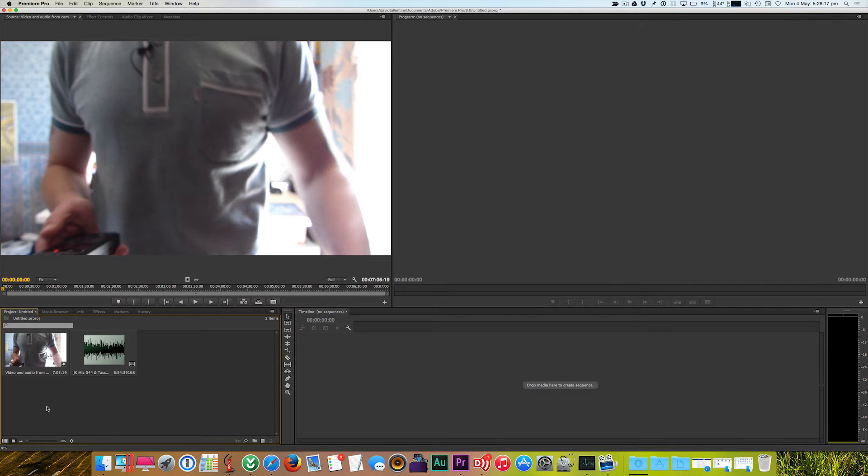Once we've got both clips in the bottom-left pane, we need to select them both. We can use Command+A on a Mac keyboard or Ctrl+A on Windows, and both files will be highlighted, meaning they've been selected.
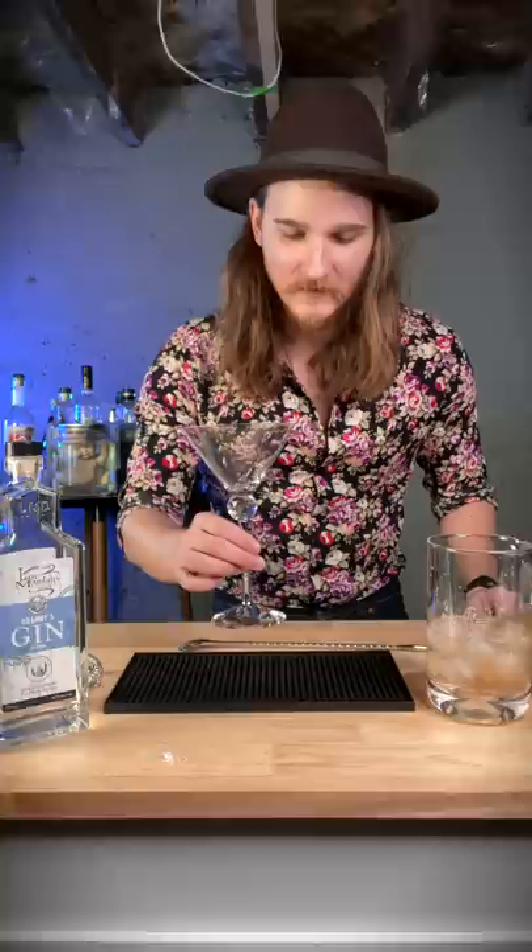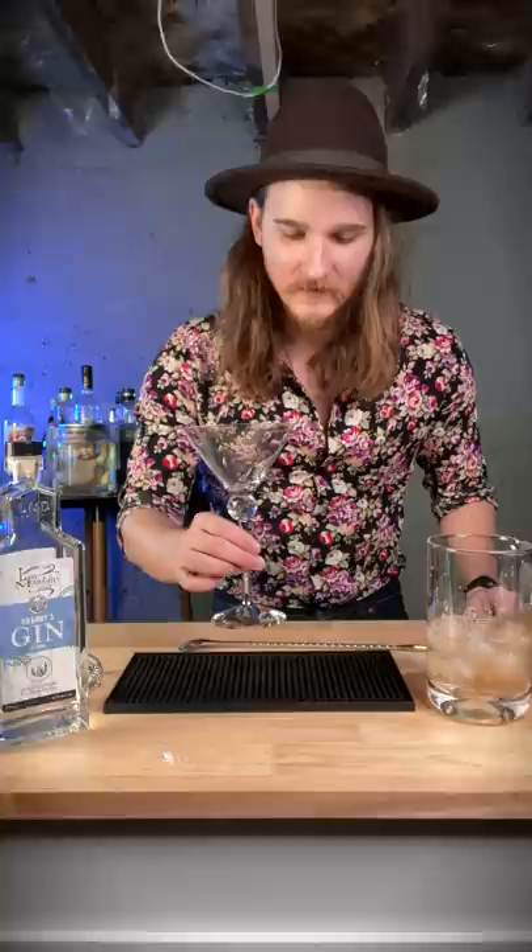That was $19. You're supposed to use a chilled martini glass, but I no longer trust myself.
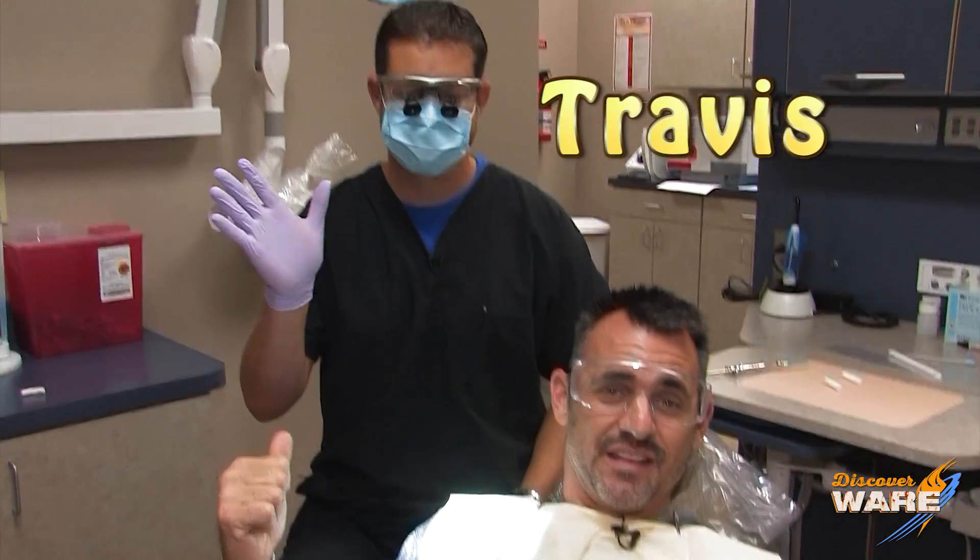Just kidding, I'm not in pain — we're having some fun here. We're continuing our series with my friend Travis, my dentist, talking about things that we use every day that require steam. We're going to be talking about sterilizing instruments in the dentist office on Steam Culture.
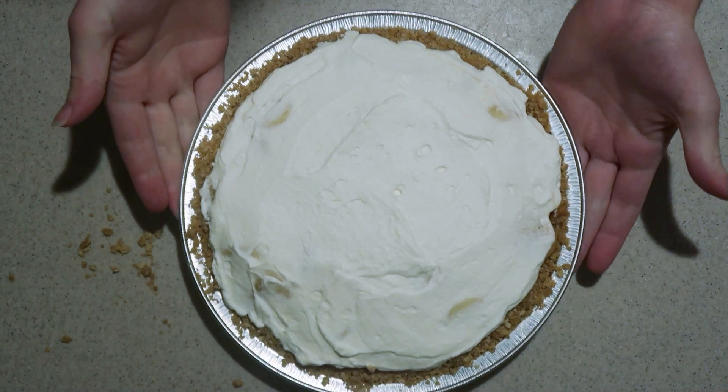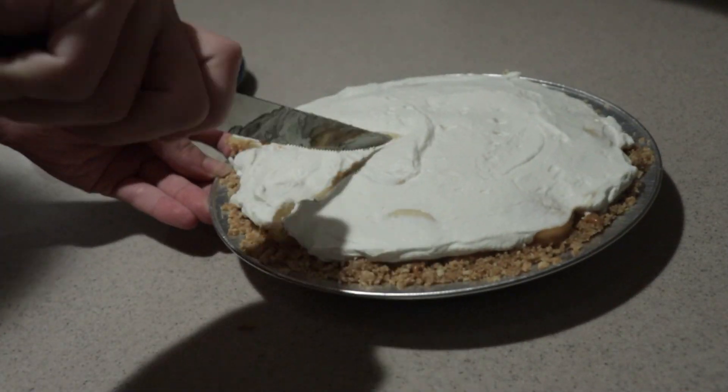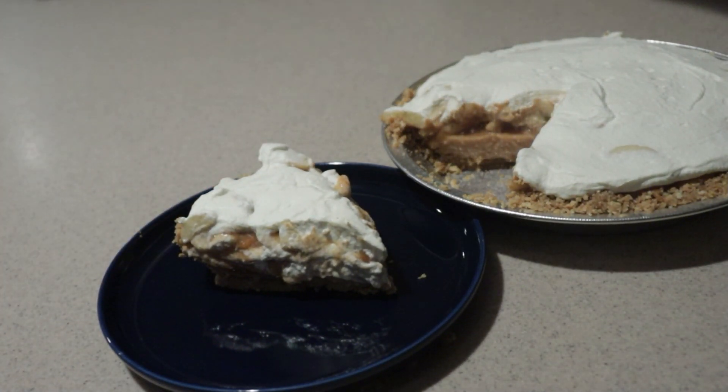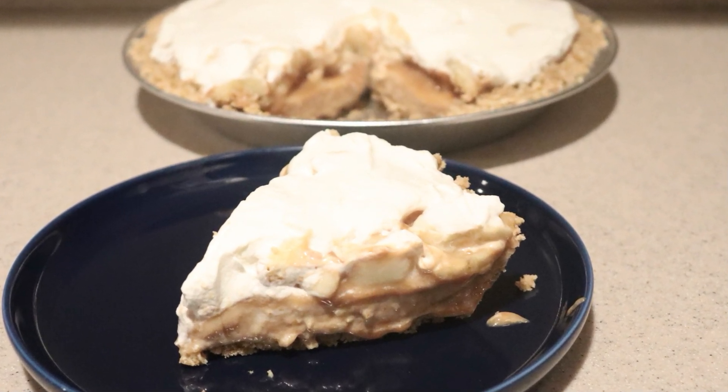If you're not serving it immediately, keep it stored in the fridge until then. And when you're ready to serve, cut out a slice and serve. And that's how to make a banana dulce de leche pie. I hope you enjoyed this video. If you did, give this video a like, and check out my channel for many more videos. Subscribe to my channel for more to come. Thanks for watching and I'll see you next time.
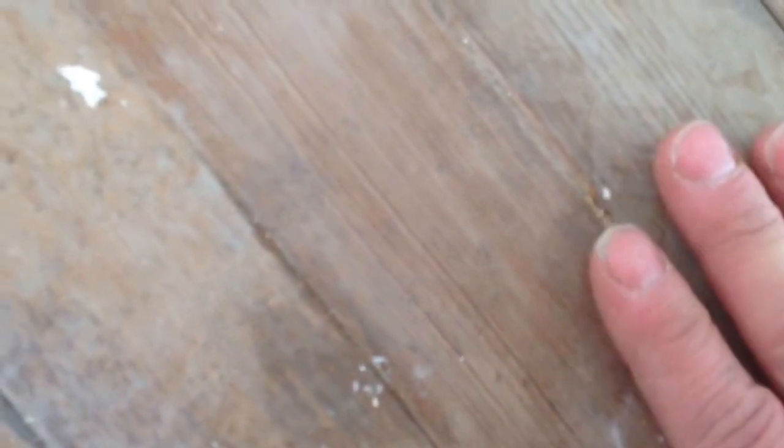I want to show you three common floors in an old house, and I have three of them right here in front of me. Now this floor here is a quarter-sawn pine. It's actually a very hard pine, and it is a floor you would consider refinishing. It's kind of a higher end floor — these are very nice floors.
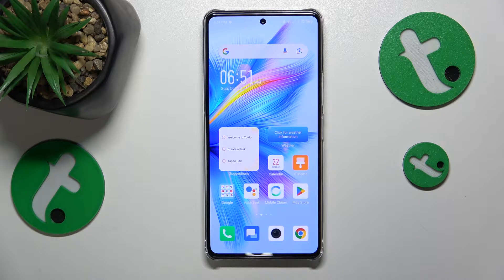This is the Infinix Note 30 Pro and today I'll show how you can check if this device is original or fake.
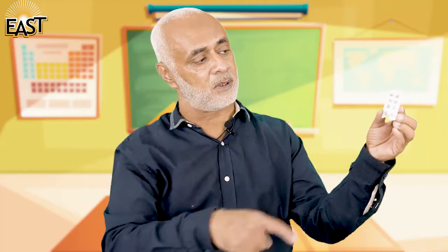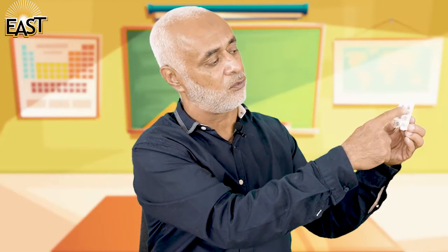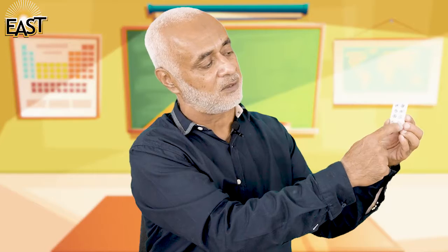Now let me show you something else. What are these? These are titch buttons — these are tiny titch buttons. Let's count and see how many buttons I have: one, two, three, four, five, six, seven, and eight.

_ _ _ _ _ _ _

WHAT IS EXPECTED - Within the entries above, the lines from the one containing "That was $19." through the one containing "Just kidding, I'm" are to be transcribed exactly, ends included, pictures excluded.

REPLY -
That was $19. You're supposed to use a chilled martini glass, but I no longer trust myself.
Just kidding, I'm not in pain — we're having some fun here. We're continuing our series with my friend Travis, my dentist, talking about things that we use every day that require steam. We're going to be talking about sterilizing instruments in the dentist office on Steam Culture.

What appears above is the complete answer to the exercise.